Performance Technic Tuesday: Power washers are fun, but they cause more damage than you think
Performance Technic is the new technical facility in Kyalami, run by the same team behind the phenomenally successful Fire It Up and Bike Buyers. Every Tuesday they will be providing some technical knowhow that could make your biking life a better and easier one. Today, we look at how much damage power washers cause even though they are so much fun to use.
All men are essentially little boys. We are, and when we get something as cool as a power washer we tend to get giddy with excitement. We un-package it, bolt it all together, throw the directions away and, after many false starts, begin our journey into the world of high-powered water tomfoolery.
We begin by spraying water off the walls, shooting the bucket across the driveway, shooting the bottle of bike shampoo, the cat, the dog and the kids. This is all achieved with a manic grin and possibly even Flash Gordon laser shooter sounds. Once the juvenile necessities have been fulfilled, we get on with actually cleaning our motorcycle.
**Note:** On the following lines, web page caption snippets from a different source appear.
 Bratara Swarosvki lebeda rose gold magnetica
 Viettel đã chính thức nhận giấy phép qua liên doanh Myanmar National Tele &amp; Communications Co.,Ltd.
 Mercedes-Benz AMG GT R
With one of these, life gets so much easier – spray on the soap of your choice, let it sink in a little and then unleash the god of hellfire. The dirt literally shoots off with no back ache and scuffed knees. It’s brilliant in every way.
Except it sort of isn’t.
On dirtbikes, it’s not so bad. They do not have complex electronics, and the wheels and bits are unbolted regularly enough, but on road legal bikes there are some problems. The electronics, seals and bolts are inherently water-resistant – unless you’re riding a classic British or Italian bike, in which case rather steer clear of all moisture – but they are not built for the onslaught unleashed by your new ninja toy.
Things like the ABS components and the myriad of electronic goods submerged beneath your plastic coverings are not designed to be hit by a high-pressured barrage of water. It’s only after you have finished washing your bike that the warning lights come on, and then it’s a trip back to the dealer and much argument because expensive electronics need replacing.
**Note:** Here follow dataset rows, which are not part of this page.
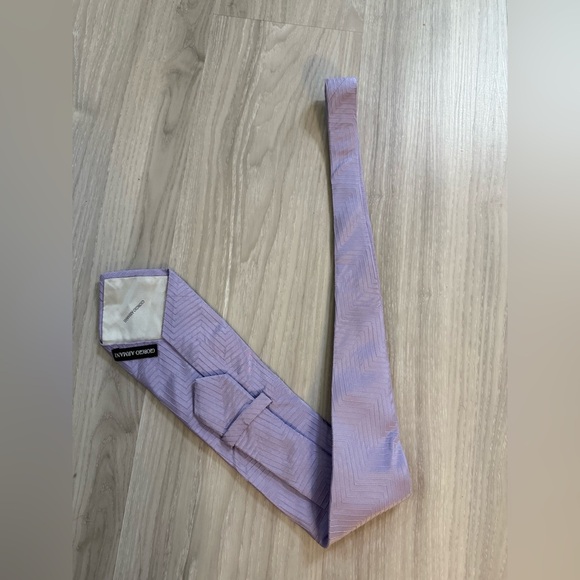 Vintage Giorgio Armani Tie – Lavender Zigzag – 100% Silk – Pristine - Picture 3 of 5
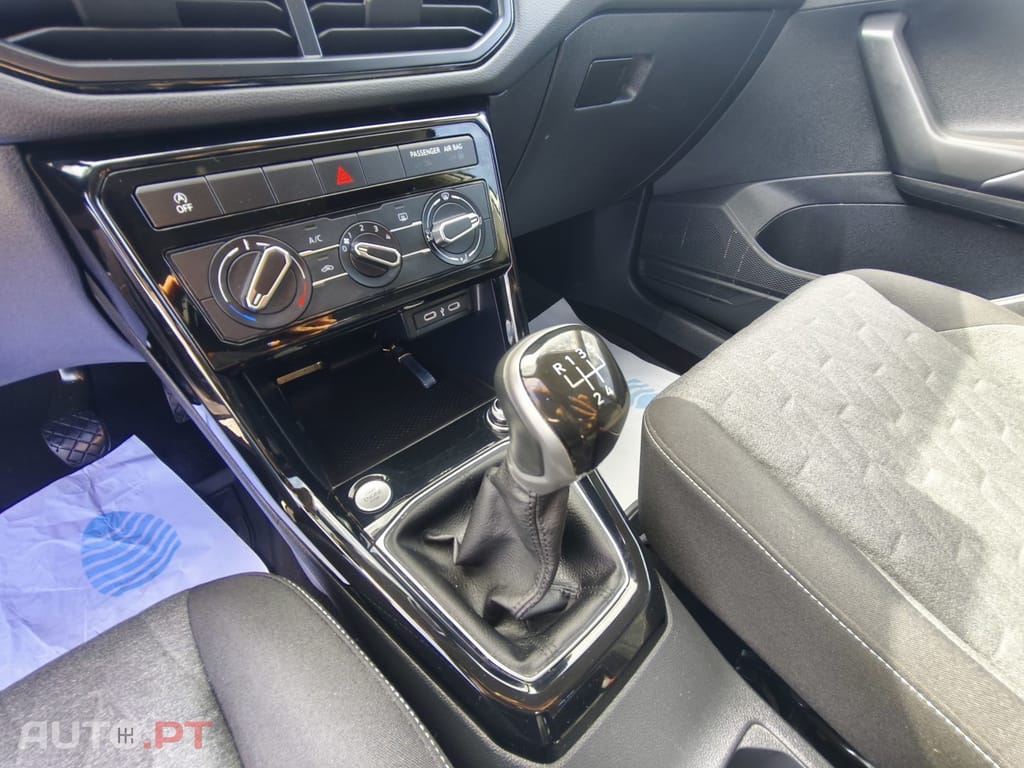 Volkswagen T-Cross 1.0 TSI Urban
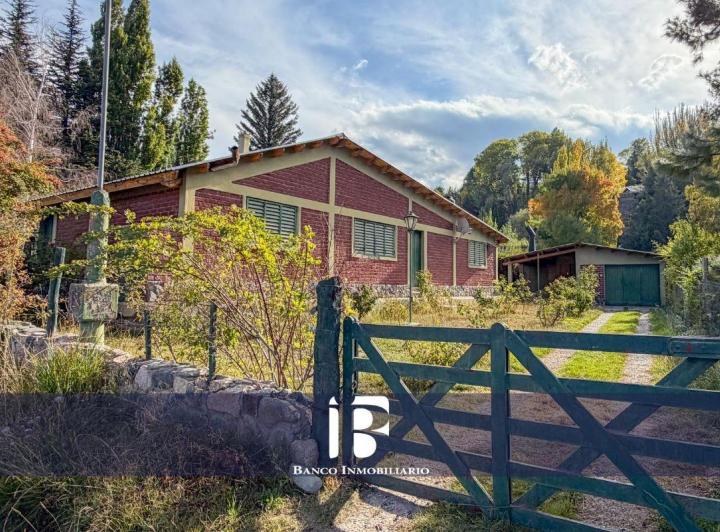 Casa · 165m² · 5 Ambientes · 1 Cochera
It’s not just electronics; one of the most popular cleaning areas on a motorcycle – because they are a bastard to get into with a cloth – are the wheels. The high pressured water makes little work of squeezing through the spacers and wheel nuts and penetrating the axle which is certainly not waterproof. You won’t know anything about this until you send it to the dealer to have new tyres fitted and the dealer has to use sledgehammer, or even an angle grinder, to remove the rusted axle. This results in the need to a buy new axle, new wheel nuts and possibly even new wheel bearings.
The other more immediate problem that can occur is the unceremonious removal of fairing decals that have a tendency to shoot off when hit by stream of water at the right angle. That’s always a shocker, followed by panic and a botched reattachment job.
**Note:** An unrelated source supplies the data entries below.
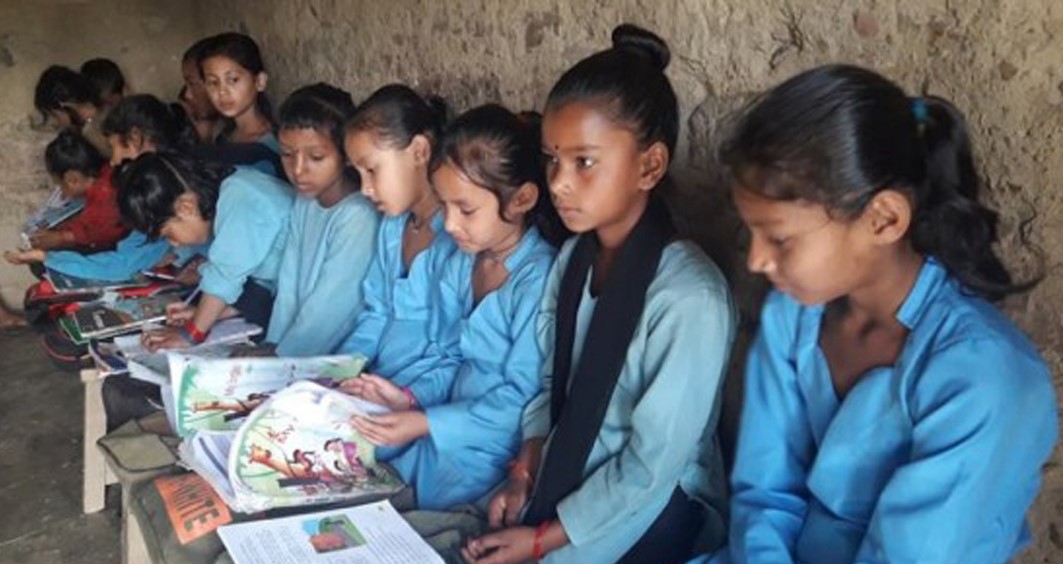 कोरोना संक्रमण घटेसँगै खुल्न थाले बैतडीका विद्यालय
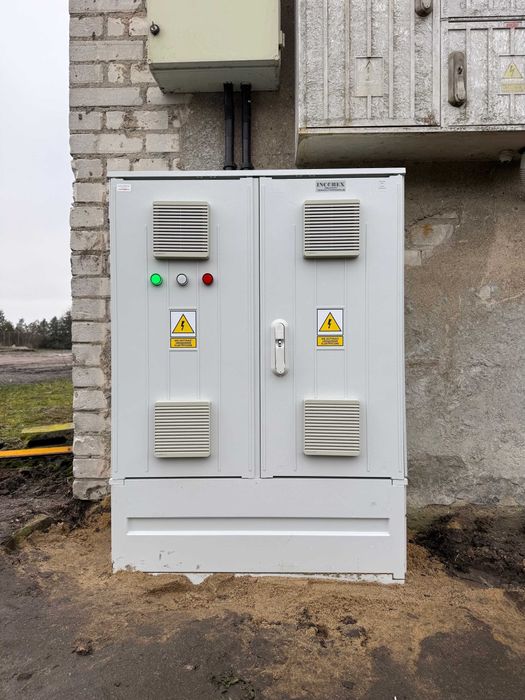 Kompensacja mocy biernej dla przemysłu, biura, sklepu fotowoltaiki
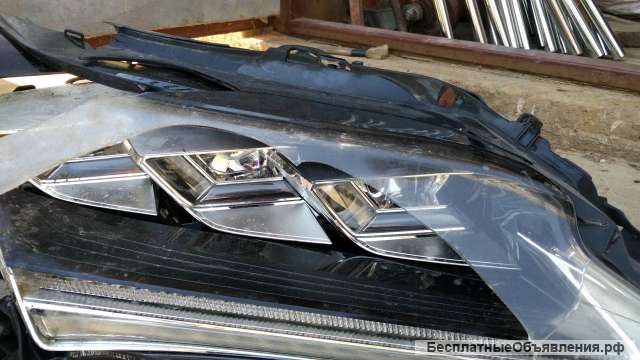 Фара правая для Лексус РХ 200. ЭР ИКС 200. Lexus RX 200.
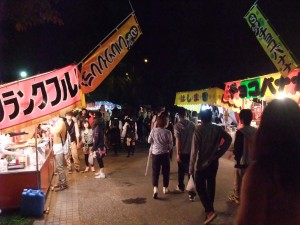 明日は今日より天候に恵まれるようなので、より人出が見込まれますね。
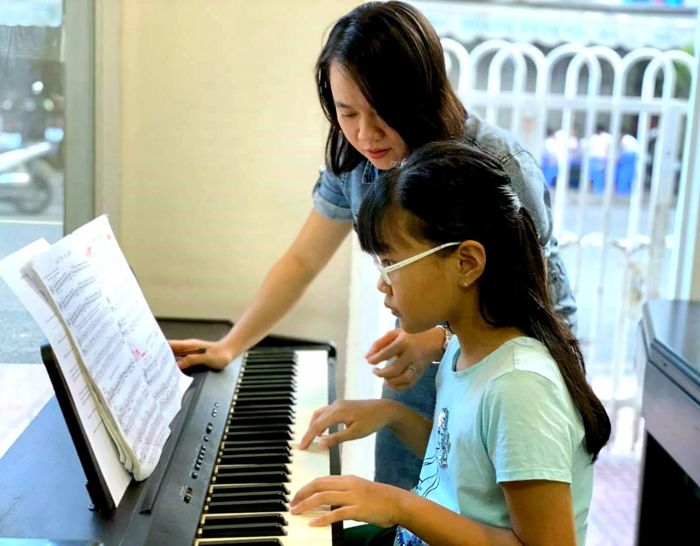 Ảnh về Sông Thu Music Education (2)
The best way around this to not use a power washer and embrace the good old bucket, cloth and hosepipe. If you have purchased a gleaming new power washer and the thought of not using it pains you greatly, then rather have it on a less powerful setting so that it sprays rather than blasts.
Performance Technic do not use a power washer when cleaning customer bikes. The only time a power washer is brought out is when their detailer is cleaning individual parts, and he is well versed in what will cause damage and what will not.